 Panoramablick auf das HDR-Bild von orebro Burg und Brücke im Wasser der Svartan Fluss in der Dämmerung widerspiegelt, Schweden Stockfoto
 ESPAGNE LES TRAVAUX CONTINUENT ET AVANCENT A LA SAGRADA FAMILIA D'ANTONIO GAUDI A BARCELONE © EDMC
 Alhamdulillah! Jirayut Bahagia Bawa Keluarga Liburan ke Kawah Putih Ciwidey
...
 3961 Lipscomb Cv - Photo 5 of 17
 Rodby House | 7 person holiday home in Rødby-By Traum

## Work instructions
Give the exact lines, and only those, from the line containing "Panoramablick auf das" through the line containing "Alhamdulillah! Jirayut Bahagia" in the entries above.

## Response area
 Panoramablick auf das HDR-Bild von orebro Burg und Brücke im Wasser der Svartan Fluss in der Dämmerung widerspiegelt, Schweden Stockfoto
 ESPAGNE LES TRAVAUX CONTINUENT ET AVANCENT A LA SAGRADA FAMILIA D'ANTONIO GAUDI A BARCELONE © EDMC
 Alhamdulillah! Jirayut Bahagia Bawa Keluarga Liburan ke Kawah Putih Ciwidey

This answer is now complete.